Why do I need a will?
Your will designates those persons you would like to receive your estate at your death, and the details of the distribution of your estate. If you do not have a will, the State of Texas, pursuant to the Texas Estates Code, will determine how your property passes to family members upon your death; however, you may want your property to go to certain family members other than those the state requires to inherit your property. Generally, it is a more simple procedure to distribute your estate with a will then without one.
What is an Executor?
The Executor (Executrix if a female) is the person designated in your will to distribute your estate.

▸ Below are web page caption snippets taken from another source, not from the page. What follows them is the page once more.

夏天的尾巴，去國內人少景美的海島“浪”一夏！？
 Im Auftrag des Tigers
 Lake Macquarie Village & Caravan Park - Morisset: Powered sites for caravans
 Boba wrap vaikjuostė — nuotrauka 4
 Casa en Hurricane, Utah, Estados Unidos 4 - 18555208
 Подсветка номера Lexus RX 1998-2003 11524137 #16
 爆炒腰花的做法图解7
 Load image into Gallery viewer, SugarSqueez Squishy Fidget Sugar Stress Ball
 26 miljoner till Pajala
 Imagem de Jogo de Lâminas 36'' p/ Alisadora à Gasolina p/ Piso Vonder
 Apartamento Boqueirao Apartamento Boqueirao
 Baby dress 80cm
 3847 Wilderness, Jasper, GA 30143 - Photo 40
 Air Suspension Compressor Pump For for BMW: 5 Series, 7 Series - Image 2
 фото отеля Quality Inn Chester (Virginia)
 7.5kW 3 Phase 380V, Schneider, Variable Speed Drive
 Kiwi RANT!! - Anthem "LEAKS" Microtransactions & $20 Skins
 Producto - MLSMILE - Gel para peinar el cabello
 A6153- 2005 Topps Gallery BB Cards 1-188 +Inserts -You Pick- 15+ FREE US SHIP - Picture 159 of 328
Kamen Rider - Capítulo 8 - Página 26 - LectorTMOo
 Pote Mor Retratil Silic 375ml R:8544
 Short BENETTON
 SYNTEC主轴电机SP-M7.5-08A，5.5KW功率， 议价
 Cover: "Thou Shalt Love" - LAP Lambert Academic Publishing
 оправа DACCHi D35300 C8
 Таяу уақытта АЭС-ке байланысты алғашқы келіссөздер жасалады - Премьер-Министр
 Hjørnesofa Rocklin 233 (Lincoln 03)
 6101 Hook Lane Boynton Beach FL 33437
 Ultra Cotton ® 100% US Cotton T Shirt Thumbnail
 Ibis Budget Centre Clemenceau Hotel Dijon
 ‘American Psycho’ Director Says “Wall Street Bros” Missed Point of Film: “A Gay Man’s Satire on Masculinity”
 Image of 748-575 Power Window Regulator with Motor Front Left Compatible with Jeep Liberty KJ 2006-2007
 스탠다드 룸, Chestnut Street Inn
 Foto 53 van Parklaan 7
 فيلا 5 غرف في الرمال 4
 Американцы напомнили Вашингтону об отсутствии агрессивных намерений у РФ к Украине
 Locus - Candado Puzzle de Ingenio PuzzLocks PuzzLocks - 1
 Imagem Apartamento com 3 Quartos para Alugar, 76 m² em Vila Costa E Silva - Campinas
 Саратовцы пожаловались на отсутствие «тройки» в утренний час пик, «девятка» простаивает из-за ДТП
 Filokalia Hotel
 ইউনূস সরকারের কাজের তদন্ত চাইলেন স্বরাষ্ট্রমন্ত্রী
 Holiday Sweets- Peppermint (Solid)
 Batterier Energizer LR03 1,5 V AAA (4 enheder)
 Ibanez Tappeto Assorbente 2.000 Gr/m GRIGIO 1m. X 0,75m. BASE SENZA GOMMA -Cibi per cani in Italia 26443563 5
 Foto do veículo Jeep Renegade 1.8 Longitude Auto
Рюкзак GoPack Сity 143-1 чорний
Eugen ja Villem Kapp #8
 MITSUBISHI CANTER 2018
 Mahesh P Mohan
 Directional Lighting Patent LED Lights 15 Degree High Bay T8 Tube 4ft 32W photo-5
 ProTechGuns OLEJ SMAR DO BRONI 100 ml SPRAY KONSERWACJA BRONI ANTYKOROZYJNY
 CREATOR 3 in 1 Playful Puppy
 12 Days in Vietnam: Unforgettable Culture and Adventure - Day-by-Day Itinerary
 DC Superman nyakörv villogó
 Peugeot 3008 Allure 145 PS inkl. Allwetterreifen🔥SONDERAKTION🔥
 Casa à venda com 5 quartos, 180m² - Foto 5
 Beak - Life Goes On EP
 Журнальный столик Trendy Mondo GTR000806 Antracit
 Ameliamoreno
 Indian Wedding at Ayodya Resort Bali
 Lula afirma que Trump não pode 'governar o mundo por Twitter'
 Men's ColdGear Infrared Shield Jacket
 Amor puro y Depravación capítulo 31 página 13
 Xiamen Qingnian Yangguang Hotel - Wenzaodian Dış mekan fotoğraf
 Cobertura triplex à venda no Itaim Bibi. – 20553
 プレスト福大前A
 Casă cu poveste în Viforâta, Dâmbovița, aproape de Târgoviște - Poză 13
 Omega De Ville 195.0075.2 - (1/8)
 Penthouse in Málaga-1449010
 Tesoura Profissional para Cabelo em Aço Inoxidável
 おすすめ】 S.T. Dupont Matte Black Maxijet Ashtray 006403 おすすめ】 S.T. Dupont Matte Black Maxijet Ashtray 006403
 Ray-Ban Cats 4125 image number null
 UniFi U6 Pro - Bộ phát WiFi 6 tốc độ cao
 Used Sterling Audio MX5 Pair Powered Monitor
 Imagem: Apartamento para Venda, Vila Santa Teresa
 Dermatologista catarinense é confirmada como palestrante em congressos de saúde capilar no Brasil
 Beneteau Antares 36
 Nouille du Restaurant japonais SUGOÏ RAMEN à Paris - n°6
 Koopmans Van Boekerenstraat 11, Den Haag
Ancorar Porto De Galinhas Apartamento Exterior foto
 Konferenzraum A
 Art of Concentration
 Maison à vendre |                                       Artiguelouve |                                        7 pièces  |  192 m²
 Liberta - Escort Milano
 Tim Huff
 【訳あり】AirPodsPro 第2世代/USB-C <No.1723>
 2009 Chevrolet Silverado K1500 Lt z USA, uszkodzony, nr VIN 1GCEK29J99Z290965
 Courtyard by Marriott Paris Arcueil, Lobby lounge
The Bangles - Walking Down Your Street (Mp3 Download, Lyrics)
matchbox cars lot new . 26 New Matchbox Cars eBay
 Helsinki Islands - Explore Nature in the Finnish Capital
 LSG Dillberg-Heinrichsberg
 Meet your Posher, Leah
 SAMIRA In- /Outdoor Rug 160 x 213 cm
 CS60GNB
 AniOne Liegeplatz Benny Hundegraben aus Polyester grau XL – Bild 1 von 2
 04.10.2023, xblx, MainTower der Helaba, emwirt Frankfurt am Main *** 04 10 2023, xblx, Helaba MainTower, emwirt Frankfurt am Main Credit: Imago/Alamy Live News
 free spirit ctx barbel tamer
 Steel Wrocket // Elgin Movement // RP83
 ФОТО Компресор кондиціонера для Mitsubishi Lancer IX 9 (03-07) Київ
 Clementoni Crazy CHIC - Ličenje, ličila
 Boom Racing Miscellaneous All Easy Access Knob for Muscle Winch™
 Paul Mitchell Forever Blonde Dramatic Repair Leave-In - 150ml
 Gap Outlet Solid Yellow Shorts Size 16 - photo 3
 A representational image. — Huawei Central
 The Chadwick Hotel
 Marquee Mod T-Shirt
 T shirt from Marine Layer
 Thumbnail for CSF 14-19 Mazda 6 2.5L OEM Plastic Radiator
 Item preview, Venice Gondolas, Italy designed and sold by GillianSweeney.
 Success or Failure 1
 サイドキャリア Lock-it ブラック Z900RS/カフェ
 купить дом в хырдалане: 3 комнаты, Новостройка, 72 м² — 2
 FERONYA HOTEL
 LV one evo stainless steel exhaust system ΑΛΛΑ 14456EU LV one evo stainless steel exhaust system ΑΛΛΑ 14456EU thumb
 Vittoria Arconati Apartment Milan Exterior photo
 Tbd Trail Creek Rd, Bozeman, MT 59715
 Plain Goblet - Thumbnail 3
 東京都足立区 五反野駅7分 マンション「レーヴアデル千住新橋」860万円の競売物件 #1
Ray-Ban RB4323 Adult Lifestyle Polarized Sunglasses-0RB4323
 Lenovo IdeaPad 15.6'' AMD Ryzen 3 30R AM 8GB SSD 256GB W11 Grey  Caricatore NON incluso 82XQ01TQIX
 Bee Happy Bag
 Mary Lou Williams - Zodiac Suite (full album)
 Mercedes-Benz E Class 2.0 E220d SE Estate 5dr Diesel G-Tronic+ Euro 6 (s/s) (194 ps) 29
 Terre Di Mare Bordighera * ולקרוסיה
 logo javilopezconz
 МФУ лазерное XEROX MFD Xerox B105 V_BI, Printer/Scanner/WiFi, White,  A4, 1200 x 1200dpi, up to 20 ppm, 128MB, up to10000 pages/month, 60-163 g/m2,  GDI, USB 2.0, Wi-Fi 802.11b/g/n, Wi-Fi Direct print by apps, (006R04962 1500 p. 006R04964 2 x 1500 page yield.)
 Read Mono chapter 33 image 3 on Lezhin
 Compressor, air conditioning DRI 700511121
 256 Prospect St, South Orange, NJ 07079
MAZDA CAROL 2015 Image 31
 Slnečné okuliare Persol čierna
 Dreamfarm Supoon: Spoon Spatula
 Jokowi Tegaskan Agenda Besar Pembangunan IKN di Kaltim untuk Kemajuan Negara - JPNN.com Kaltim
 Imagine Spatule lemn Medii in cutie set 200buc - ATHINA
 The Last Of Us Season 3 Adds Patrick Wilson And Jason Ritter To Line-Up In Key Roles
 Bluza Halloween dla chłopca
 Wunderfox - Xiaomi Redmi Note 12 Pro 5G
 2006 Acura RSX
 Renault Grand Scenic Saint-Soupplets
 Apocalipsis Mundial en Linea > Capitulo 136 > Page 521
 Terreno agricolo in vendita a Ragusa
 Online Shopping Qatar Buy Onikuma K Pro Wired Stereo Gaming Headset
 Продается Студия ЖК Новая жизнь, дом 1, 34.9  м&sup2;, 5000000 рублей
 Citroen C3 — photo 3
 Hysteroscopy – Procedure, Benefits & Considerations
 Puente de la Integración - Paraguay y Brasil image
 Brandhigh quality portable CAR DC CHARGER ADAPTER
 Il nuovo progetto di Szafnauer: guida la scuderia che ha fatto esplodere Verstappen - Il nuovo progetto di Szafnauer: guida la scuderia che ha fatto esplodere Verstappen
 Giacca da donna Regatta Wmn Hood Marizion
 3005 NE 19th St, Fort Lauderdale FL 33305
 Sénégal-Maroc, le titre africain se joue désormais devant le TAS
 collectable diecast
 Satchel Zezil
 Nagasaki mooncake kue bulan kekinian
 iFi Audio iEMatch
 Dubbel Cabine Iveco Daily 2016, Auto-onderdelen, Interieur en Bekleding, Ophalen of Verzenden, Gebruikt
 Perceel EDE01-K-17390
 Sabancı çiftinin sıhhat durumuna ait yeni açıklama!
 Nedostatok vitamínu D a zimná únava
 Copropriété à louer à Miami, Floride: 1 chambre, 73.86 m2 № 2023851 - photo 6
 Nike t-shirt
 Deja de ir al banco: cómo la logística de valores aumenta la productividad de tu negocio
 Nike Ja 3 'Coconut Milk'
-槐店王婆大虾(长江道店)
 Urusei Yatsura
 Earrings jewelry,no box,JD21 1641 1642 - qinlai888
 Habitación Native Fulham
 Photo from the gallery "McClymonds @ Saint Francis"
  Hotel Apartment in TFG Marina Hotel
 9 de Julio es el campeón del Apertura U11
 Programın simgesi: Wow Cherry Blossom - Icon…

The Executor is usually named as an “Independent Executor”. This means once the Independent Executor is appointed by the Court, this person has the freedom to distribute the estate without Court intervention.
What other decisions can be made in my will?
Other than the distribution of your estate, you can also name a guardian for any minor children, and the guardian of the estate of your minor children.
What is a holographic will?
Texas recognizes the existence of a holographic will, or a document entirely in the Testator’s handwriting that disposes of the Testator’s estate.
Must a will be signed?
Yes. A will must be signed by the Testator and two witnesses who are not related to you and who are not named as beneficiaries in your will.
What is a “self-proved” will?
A “self-proved” will is one in which the Testator’s and witnesses’ signatures are all notarized. By “self-proving” a will, it avoids the necessity of finding and bringing the witnesses who signed the will to testify at Court, and of proving the Testator’s signature.